Il n'est pas démontré que la société Croisées et Profils a eu recours aux services de Monsieur Y..., salarié de l'entreprise de travail temporaire Adecco, en violation caractérisée des dispositions de l'article L. 124-2 du Code du Travail.
Il n'y a pas lieu en conséquence de procéder à la requalification de ses contrats de travail en contrat de travail à durée indéterminée et d'allouer au salarié une indemnité de requalification.
La demande de Monsieur Y... doit être rejetée et le jugement déféré sera infirmé sur ces points.
-Sur la rupture du contrat de travail
Le dernier contrat de mission de Monsieur Y... a été conclu pour la période du 16 septembre au 18 septembre 2002. Il n'est pas établi qu'il a été rompu avant l'arrivée de son terme.
S'agissant d'un contrat à durée déterminée, le salarié n'est pas fondé à réclamer paiement d'une indemnité de préavis.
La rupture du contrat ne constituant pas un licenciement, la demande en paiement de dommages et intérêts pour licenciement abusif n'est pas fondée et doit être rejetée.
Le jugement déféré doit être infirmé.
-Sur la demande en restitution des montants réglés dans le cadre de l'exécution provisoire du jugement déféré
La société Croisées et Profils demande que soit ordonnée la restitution des sommes qu'elle a versées en vertu du jugement exécutoire par provision.
Le présent arrêt infirmatif sur ce point constitue le titre ouvrant droit à la restitution des sommes versées en exécution du jugement. Il s'ensuit qu'il n'y a pas lieu de statuer sur la demande de la société Croisées et Profils.
-Sur la mise en cause de la société Adecco
Au vu de ce qui précède, il convient de mettre hors de cause la société Adecco.

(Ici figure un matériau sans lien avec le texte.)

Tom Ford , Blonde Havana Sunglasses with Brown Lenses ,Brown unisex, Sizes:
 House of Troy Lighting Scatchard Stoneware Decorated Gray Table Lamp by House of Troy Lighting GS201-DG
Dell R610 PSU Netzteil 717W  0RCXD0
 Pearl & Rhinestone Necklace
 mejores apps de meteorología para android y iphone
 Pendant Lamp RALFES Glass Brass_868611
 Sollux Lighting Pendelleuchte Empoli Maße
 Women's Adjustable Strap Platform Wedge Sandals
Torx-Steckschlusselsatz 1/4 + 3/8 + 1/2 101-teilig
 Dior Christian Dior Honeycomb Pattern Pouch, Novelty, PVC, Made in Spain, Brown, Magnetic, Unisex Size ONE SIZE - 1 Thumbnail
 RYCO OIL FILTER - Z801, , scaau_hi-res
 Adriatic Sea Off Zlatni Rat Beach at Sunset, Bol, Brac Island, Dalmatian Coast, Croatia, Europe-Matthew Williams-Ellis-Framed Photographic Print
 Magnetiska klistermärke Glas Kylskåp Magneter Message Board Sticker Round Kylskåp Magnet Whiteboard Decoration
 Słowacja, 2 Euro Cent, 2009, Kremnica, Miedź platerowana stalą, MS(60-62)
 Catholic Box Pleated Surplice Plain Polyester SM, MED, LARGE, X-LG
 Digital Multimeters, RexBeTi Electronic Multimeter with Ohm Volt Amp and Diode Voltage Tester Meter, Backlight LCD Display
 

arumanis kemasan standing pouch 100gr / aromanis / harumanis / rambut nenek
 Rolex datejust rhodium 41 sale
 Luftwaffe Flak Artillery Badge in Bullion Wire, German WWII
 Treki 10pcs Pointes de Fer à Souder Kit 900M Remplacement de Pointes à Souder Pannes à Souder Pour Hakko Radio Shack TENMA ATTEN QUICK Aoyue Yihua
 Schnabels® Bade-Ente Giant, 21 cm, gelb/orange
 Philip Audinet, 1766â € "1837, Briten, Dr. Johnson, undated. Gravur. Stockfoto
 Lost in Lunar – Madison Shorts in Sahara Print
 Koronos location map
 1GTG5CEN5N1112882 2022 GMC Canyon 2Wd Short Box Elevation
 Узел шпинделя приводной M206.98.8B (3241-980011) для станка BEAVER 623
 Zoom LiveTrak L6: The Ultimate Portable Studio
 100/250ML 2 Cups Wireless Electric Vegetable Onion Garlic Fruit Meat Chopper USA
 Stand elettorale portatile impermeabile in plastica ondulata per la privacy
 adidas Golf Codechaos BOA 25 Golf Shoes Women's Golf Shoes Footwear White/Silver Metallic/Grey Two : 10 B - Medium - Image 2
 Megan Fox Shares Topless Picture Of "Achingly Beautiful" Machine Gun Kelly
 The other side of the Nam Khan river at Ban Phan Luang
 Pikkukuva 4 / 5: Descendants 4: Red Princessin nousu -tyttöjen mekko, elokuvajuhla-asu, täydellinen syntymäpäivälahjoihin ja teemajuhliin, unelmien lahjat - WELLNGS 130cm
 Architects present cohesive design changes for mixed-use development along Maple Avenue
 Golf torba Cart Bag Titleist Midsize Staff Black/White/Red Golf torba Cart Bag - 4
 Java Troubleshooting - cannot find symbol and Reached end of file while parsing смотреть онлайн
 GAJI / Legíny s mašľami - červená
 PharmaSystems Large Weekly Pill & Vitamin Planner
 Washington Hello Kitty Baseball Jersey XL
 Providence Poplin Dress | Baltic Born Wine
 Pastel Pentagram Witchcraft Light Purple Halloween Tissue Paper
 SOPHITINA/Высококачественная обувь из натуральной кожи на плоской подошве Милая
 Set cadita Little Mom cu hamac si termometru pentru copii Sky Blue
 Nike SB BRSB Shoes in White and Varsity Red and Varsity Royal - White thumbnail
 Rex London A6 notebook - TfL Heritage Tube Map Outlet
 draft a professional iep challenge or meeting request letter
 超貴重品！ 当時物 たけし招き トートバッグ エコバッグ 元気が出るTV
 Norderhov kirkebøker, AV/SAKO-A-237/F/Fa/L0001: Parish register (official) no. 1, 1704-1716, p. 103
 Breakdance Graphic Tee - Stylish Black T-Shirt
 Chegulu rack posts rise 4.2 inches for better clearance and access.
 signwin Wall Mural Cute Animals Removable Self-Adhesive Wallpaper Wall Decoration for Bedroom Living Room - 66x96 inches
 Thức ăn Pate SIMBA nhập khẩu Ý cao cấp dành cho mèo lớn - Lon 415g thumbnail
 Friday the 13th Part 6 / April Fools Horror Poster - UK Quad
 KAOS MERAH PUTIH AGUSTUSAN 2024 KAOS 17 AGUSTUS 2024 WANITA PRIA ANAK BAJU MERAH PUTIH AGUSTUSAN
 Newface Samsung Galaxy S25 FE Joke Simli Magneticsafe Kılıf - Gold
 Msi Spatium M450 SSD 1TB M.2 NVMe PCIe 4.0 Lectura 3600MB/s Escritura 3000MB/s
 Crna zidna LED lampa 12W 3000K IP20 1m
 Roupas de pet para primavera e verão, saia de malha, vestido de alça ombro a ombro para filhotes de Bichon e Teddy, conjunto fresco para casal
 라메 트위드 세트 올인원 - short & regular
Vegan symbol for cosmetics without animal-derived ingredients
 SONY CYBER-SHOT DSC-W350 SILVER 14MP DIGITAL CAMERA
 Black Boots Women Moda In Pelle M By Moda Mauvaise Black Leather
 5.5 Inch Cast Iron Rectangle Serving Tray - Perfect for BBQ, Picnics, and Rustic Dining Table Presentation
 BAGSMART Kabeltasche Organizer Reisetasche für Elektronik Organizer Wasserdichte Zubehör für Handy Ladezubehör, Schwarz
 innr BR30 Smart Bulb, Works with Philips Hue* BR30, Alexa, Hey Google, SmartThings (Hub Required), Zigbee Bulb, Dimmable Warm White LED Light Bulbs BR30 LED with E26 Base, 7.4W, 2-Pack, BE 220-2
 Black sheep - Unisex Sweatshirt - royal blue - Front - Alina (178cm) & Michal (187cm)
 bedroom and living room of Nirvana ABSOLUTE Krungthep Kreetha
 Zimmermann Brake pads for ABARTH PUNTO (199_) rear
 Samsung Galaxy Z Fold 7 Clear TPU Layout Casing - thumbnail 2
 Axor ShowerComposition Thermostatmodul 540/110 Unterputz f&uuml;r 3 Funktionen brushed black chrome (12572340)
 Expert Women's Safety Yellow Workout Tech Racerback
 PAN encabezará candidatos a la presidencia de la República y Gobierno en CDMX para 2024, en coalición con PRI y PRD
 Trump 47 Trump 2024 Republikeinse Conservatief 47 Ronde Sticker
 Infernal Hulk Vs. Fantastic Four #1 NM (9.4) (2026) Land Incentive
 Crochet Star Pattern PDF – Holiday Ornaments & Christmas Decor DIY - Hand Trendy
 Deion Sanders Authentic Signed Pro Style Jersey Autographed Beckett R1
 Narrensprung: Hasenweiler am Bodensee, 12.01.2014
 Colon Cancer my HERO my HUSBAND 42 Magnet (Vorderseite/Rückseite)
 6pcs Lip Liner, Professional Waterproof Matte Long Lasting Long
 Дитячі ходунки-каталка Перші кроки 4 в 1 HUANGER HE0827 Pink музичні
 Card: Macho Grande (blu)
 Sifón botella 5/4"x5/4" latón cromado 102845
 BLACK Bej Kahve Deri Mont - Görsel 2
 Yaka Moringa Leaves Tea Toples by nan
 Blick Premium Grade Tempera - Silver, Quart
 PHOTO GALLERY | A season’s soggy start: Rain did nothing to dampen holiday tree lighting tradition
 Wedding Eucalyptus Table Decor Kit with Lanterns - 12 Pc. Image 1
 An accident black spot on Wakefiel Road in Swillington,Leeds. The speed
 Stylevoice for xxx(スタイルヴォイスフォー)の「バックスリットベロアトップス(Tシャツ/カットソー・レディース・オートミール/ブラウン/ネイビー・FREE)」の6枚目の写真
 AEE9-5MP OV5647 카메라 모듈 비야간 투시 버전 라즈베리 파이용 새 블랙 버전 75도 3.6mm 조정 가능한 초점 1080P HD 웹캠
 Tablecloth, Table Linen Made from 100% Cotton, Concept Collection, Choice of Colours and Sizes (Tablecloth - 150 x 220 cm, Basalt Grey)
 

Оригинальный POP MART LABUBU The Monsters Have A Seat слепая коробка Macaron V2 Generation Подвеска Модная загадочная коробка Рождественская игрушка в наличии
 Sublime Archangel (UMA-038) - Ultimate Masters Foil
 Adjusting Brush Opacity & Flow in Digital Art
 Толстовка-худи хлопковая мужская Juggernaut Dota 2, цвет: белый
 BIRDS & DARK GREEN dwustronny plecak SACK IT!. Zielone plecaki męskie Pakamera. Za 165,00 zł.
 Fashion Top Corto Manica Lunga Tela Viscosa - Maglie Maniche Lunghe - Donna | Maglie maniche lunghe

Le jugement sera réformé en ce sens.
-Sur les dépens et l'article 700 du Nouveau Code de Procédure Civile
Monsieur Y... qui succombe supportera les entiers dépens et ses frais irrépétibles.
Il n'y a pas lieu de faire application de l'article 700 du Nouveau Code de Procédure Civile.
PAR CES MOTIFS
La COUR,
Statuant en audience publique et par arrêt contradictoire,
INFIRME le jugement déféré et statuant à nouveau,
DÉBOUTE Monsieur Grégory Y... de toutes ses demandes ;
DÉCLARE la société Adecco hors de cause ;
Y ajoutant,
DIT n'y avoir lieu à statuer sur la demande de restitution des sommes versées en vertu de l'exécution provisoire attachée au jugement déféré à la Cour.
DIT n'y avoir lieu à application de l'article 700 du Nouveau Code de Procédure Civile.
CONDAMNE Monsieur Grégory Y... aux entiers dépens.
Ainsi prononcé à l'audience publique ou par mise à disposition au greffe du neuf novembre deux mil sept par Madame SCHMEITZKY, Président, assistée de Mademoiselle FRESSE, Greffier Placé présent lors du prononcé.
Et Madame le Président a signé le présent arrêt ainsi que le Greffier.